Record excerpts »
= Beginning of Section =
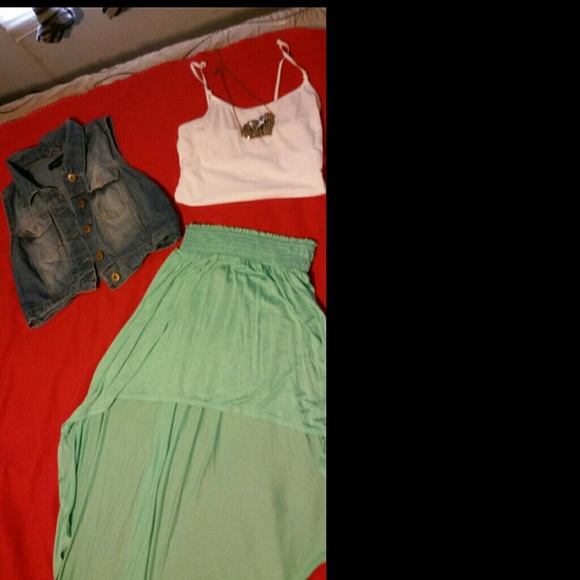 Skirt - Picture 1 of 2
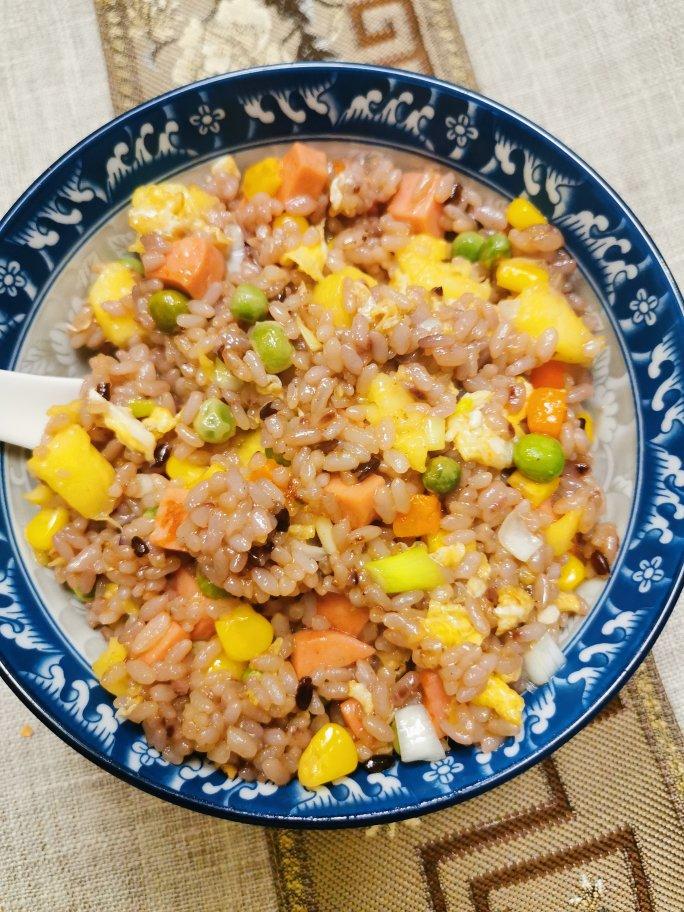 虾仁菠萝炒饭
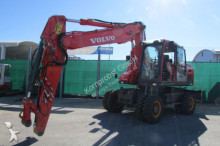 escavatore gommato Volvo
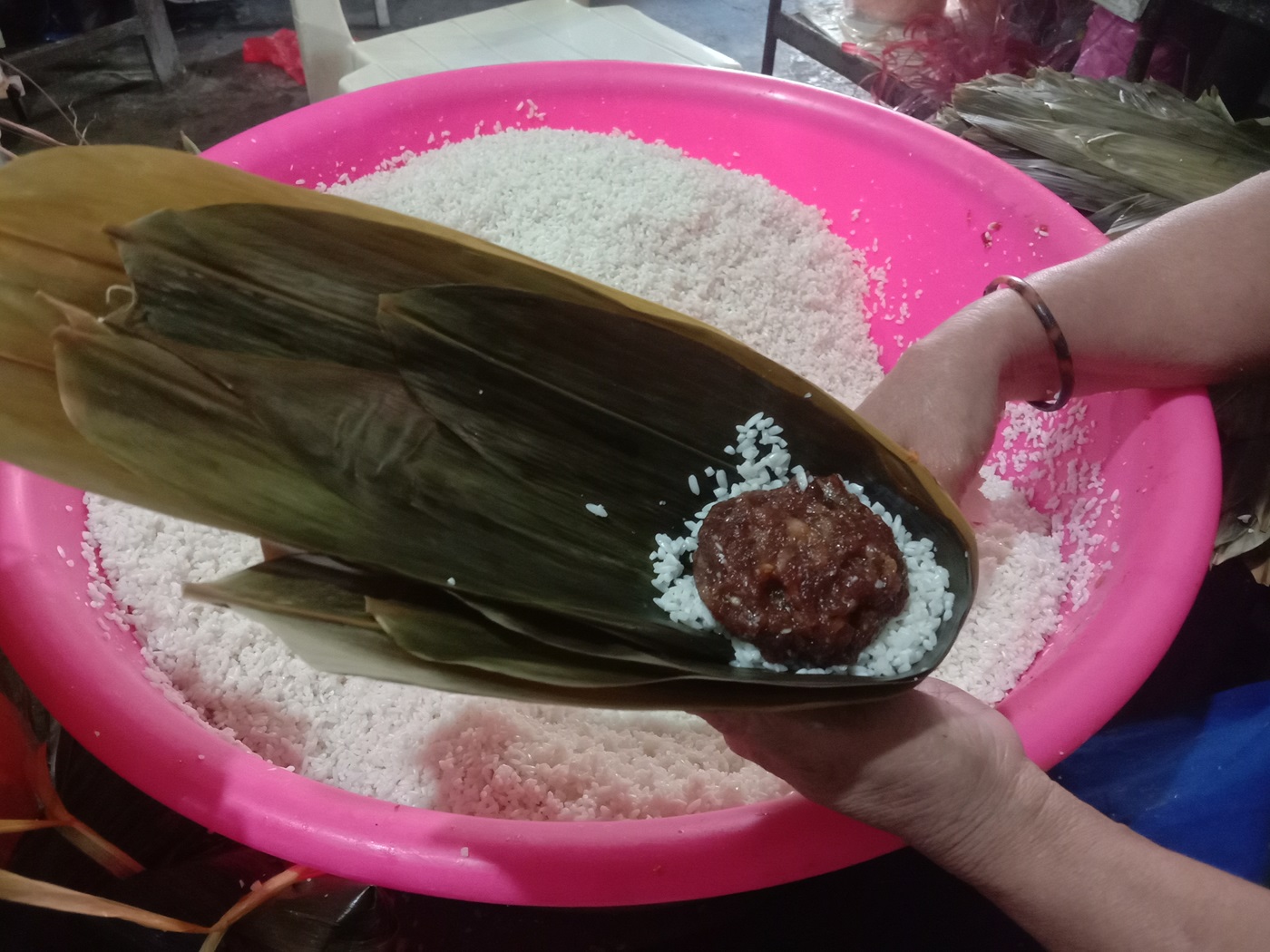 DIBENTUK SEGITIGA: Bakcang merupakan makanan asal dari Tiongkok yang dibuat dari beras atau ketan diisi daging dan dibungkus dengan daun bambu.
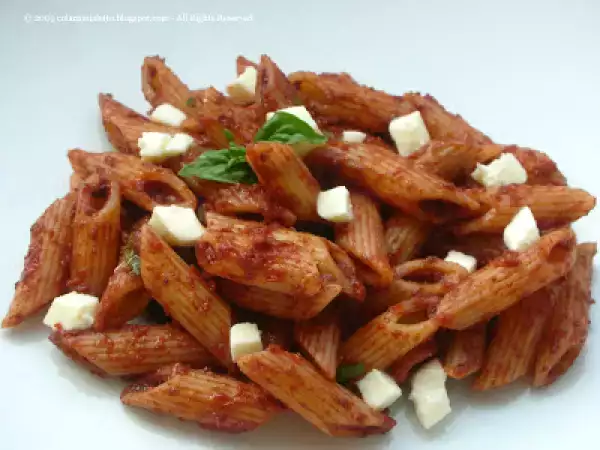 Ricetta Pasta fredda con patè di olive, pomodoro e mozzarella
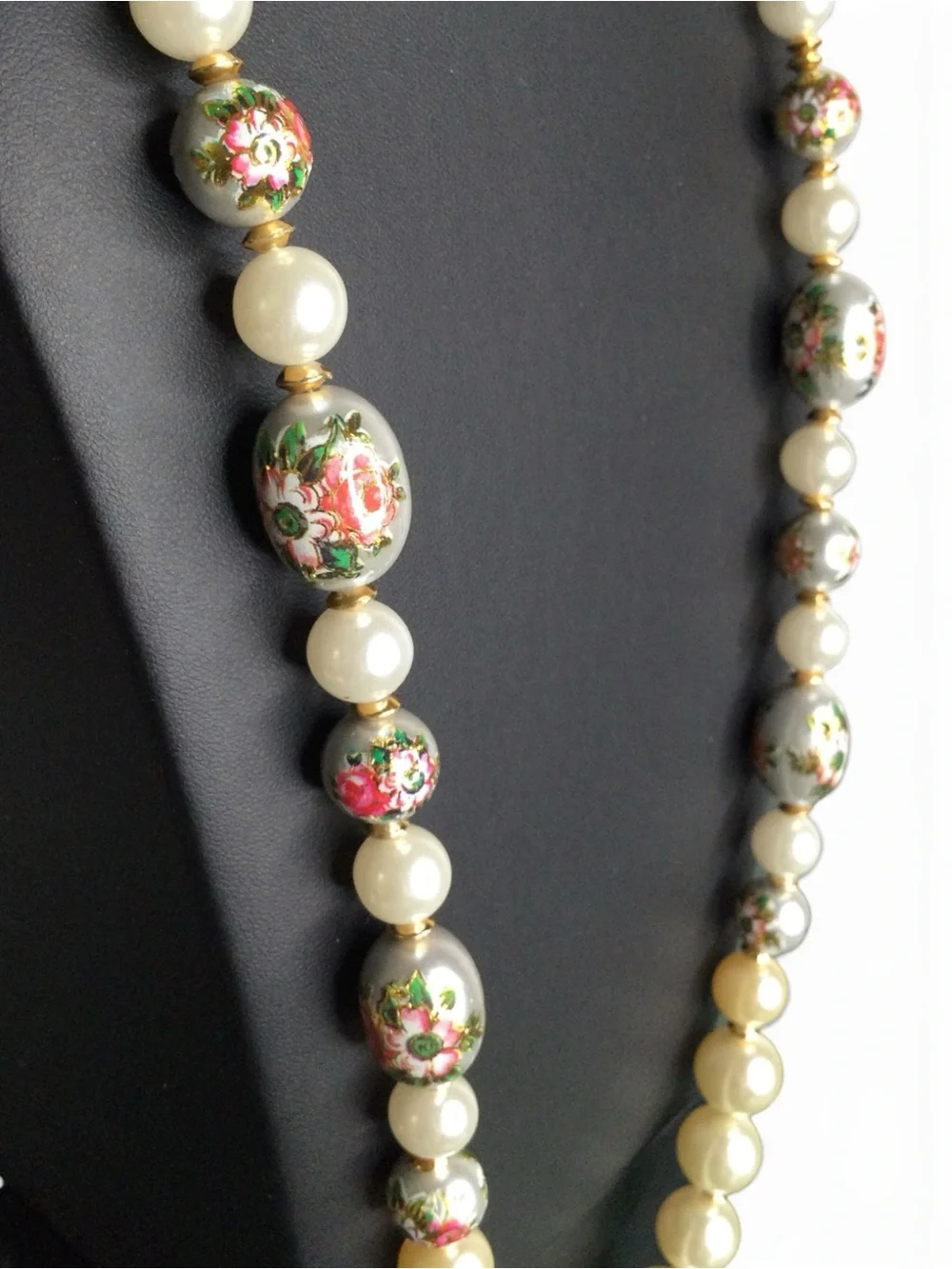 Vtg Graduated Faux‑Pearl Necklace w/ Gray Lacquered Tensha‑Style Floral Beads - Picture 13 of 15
= End of Section =
= Beginning of Section =
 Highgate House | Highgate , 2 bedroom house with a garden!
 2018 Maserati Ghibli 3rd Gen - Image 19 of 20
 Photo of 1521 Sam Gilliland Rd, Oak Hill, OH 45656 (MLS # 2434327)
= End of Section =
Your goal »
From the line that has "Highgate House |" through the line that has "Photo of 1521", copy every line exactly as it appears above, and leave out all others.

Response to this exercise »
 Highgate House | Highgate , 2 bedroom house with a garden!
 2018 Maserati Ghibli 3rd Gen - Image 19 of 20
 Photo of 1521 Sam Gilliland Rd, Oak Hill, OH 45656 (MLS # 2434327)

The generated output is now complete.